Um fato importante é que as medidas de taxação da cachaça contribuíram imensamente com o descontentamento da colônia contra o poderio de Portugal, motivando os ideais independentes que dariam impulso à Conjuração Mineira. Como era vista como símbolo de resistência e de luta por independência, a cachaça era servida nas reuniões dos inconfidentes.
(Fonte: Aventuras na História)
O sucesso comercial da cachaça se relacionou à expansão da produção de açúcar no Brasil e na possibilidade de exportar a bebida. Isto porque, diferente da cerveja e do vinho, que estragava em viagens longas para outros continentes, o transporte de destilados, com alto teor de álcool, era mais propenso às exportações.
No fim do século XVII, o Brasil perde a exclusividade na produção de açúcar, que começa a ser produzido também na América Central. Quem controlava esta indústria eram os holandeses que haviam sido expulsos do litoral de Pernambuco. Só que o açúcar produzido lá tinha menos qualidade, o que contribuiu para o desenvolvimento de uma nova bebida: o rum.
Esta crise no açúcar brasileiro fez com que as usinas fossem adequadas para produzir cachaça para exportação. Estima-se que entre 1710 e 1830, cerca de 310 mil litros de cachaça foram enviados para Luanda, capital de Angola. 25% deste volume serviu como moeda de troca por pessoas escravizadas.
(Fonte: Cachaçaria dos Amigos)
Ainda assim, a cachaça continuou sendo enquadrada como uma bebida de baixa qualidade, e que se associava aos brasileiros (considerados inferiores) e não aos europeus.
A revalorização da cachaça esteve diretamente ligada à Semana de Arte de 1922, movimento que buscou fazer um retorno às raízes brasileiras.
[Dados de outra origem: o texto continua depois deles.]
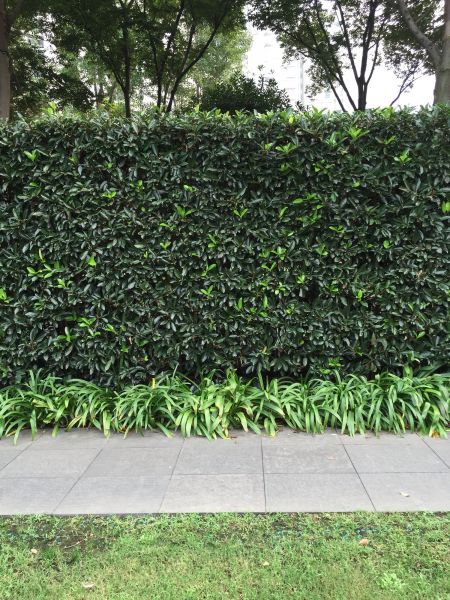 Privacy Shrub Planting in Louisville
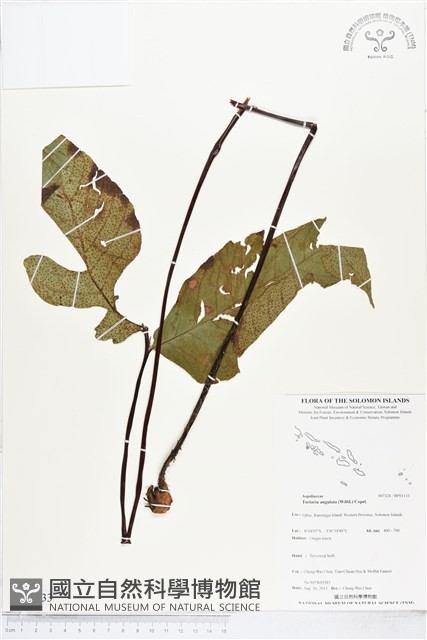 登錄號:BP01133藏品圖，第1張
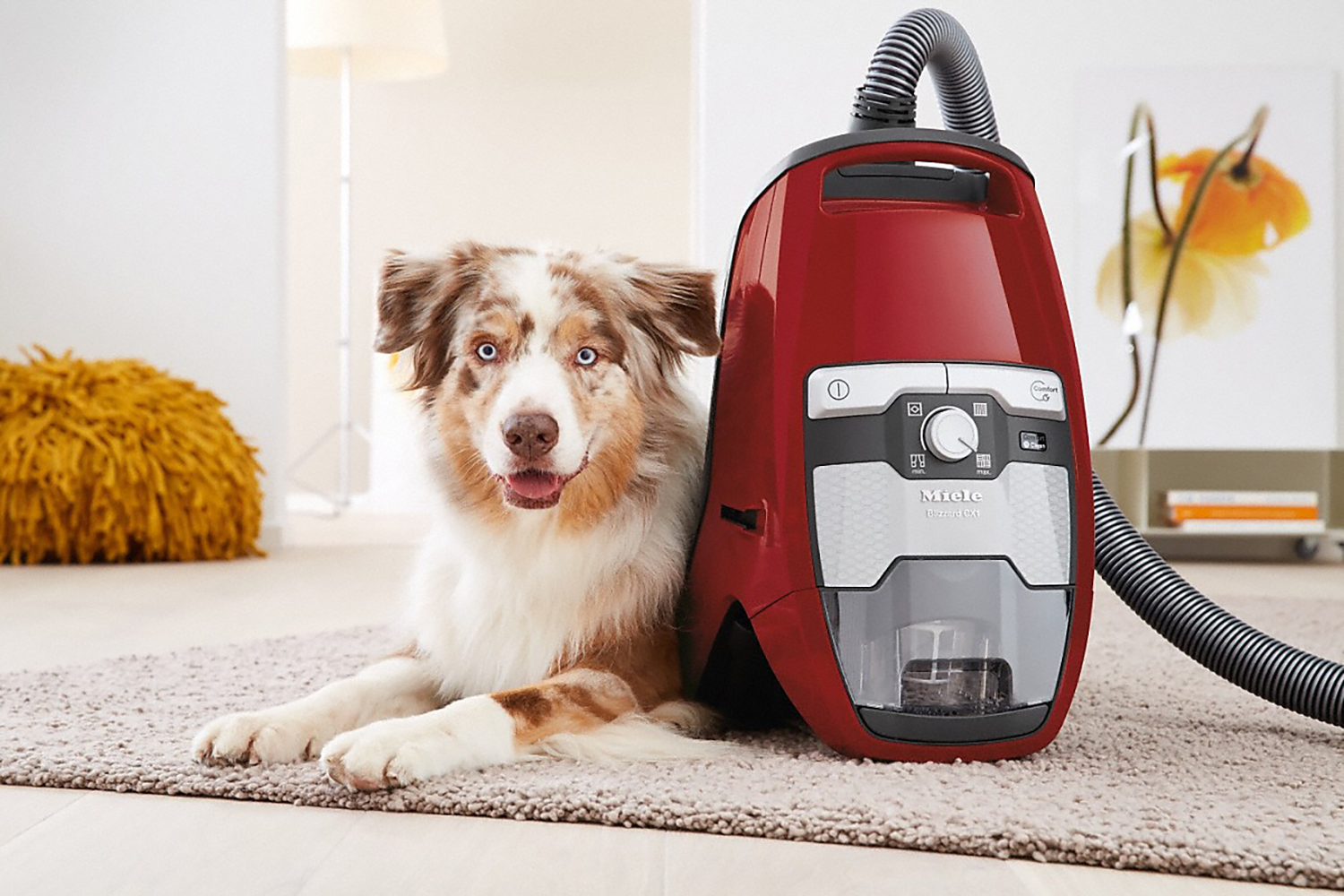 Miele Blizzard CX1 Cat & Dog SKCF5 Bagless Cylinder Vacuum Cleaner | BLIZZARDCAT&DOG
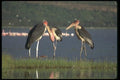 016075 Marabou Storks In Morning Light A4 Photo Print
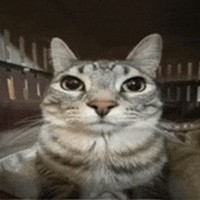 kami.jjaan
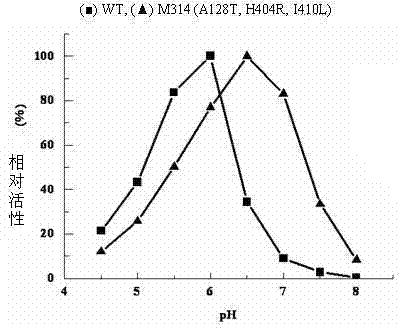 Construction of recombinant strain capable of producing arginine deiminase and directional modification method thereof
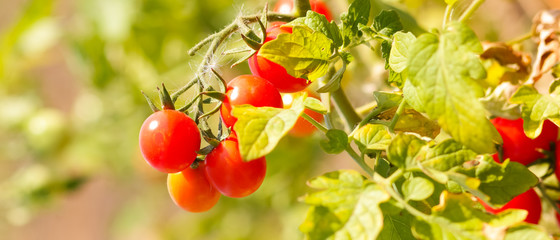 Cherry tomatoes ripen on the bush. Red tomatoes in the garden. Growing tomatoes for sale. Red vegetables in the garden
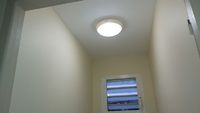 BLP Peinture - Peinture - iBat.nc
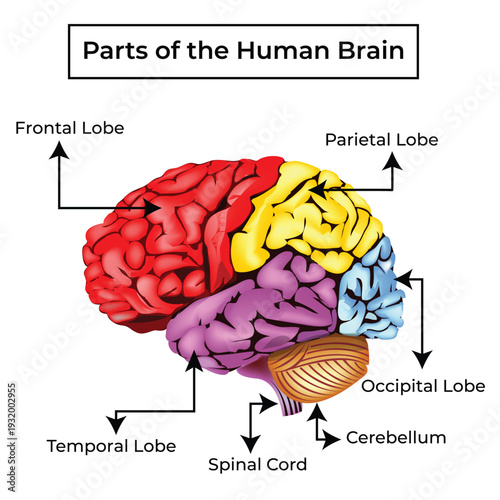 Human brain anatomy illustration showing different lobes and parts like frontal, parietal, temporal, occipital, cerebellum, spinal cord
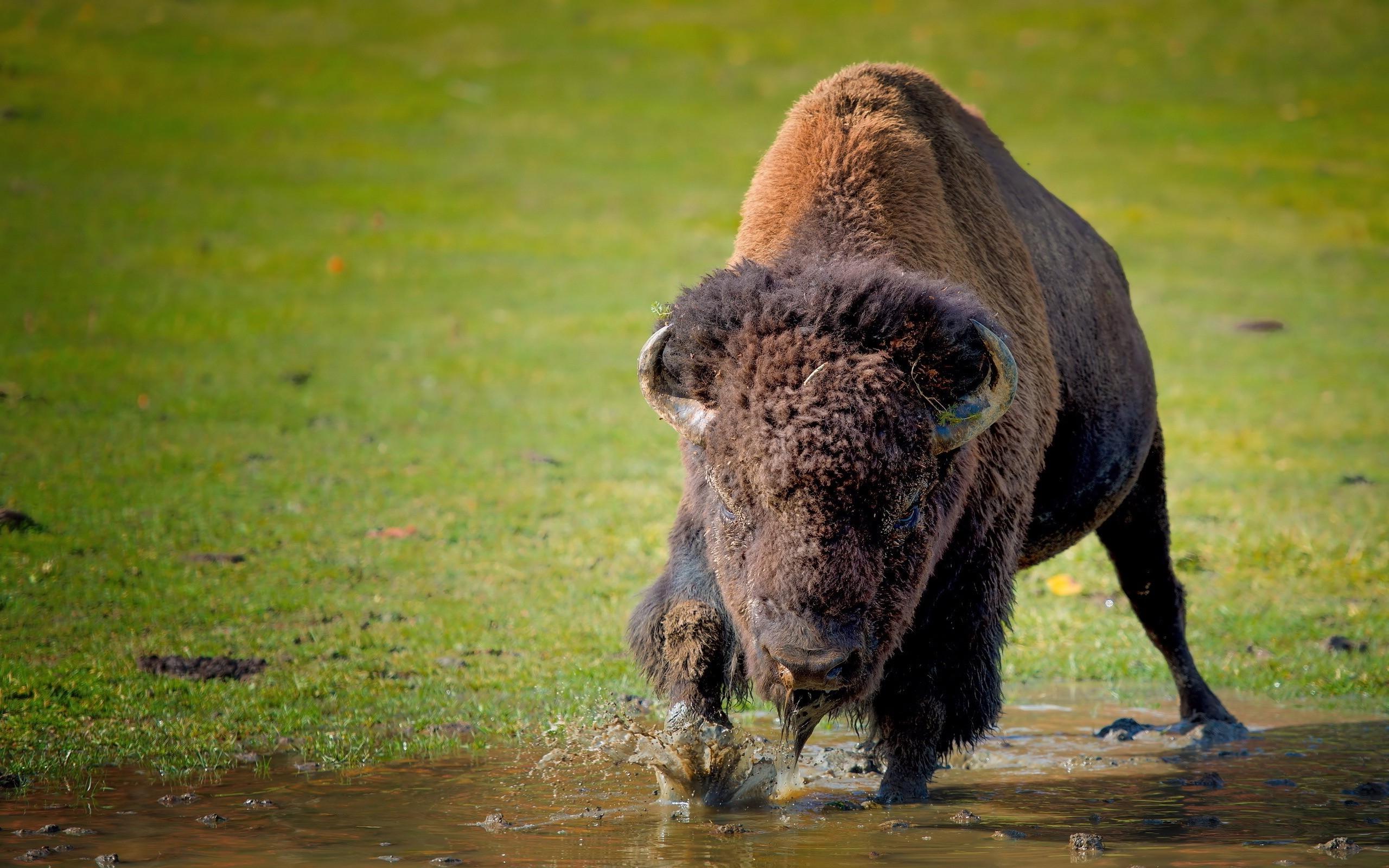 bison_buffalo_running_grass_hd-wallpaper-62580.jpg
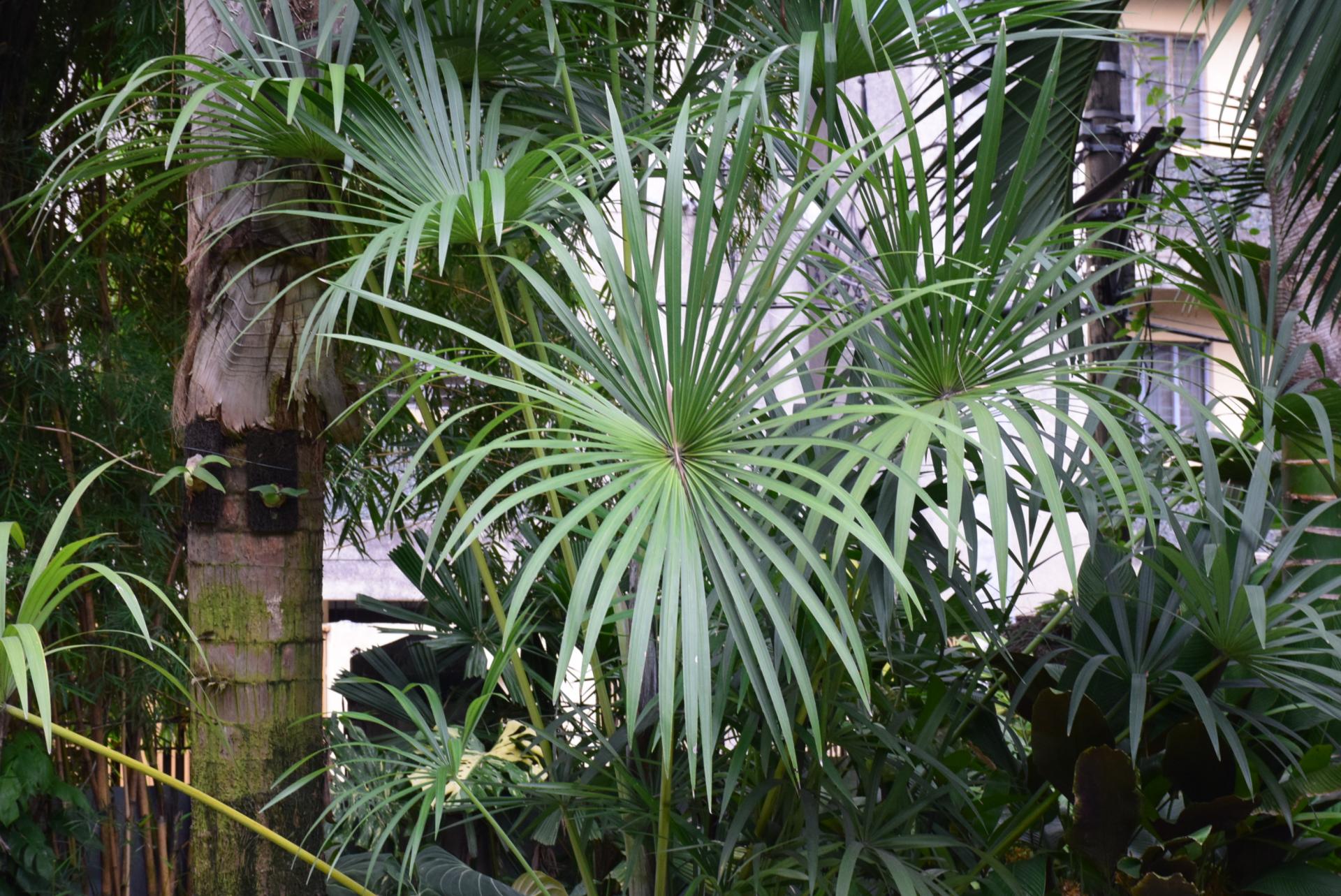 Mauritiella aculeata - DISCUSSING PALM TREES WORLDWIDE - PalmTalk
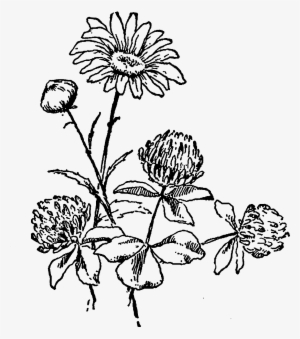 And, The Second Wildflower Image Of A Daisy Flower - Black And White Wildflower Clipart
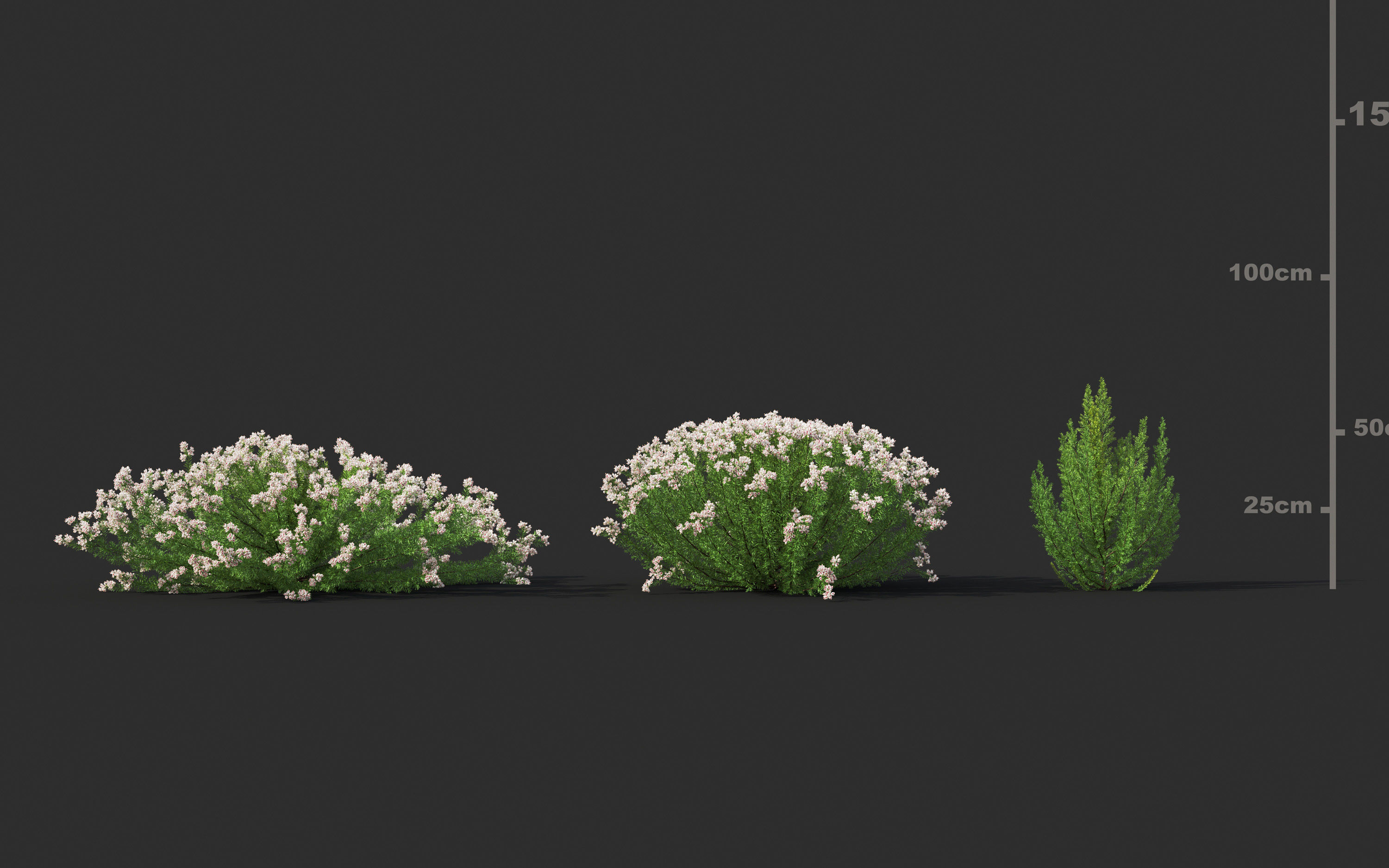 Garden shrub flowers Collection- Include GrowFX and Mesh file  3D model_15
A bebida passou então a ser enaltecida como um símbolo da cultura nacional. Mario de Andrade, inclusive, publicou um estudo chamado Os Eufemismos da Cachaça.
O caminho da bebida seria, gradativamente, ganhar uma maior legitimidade como elemento fundamental da cultura brasileira. Um marco desta história é o decreto promulgado em 1996 pelo presidente Fernando Henrique Cardoso que define "caipirinha" como a bebida típica brasileira, exclusivamente elaborada com cachaça, limão e açúcar, e delimita cachaça como "denominação típica e exclusiva da aguardente de cana produzida no Brasil, com graduação alcoólica de trinta e oito a quarenta e oito por cento em volume". O decreto ajuda a estabelecer critérios para fabricação e comercialização da bebida, além de confirmá-la oficialmente como produto brasileiro.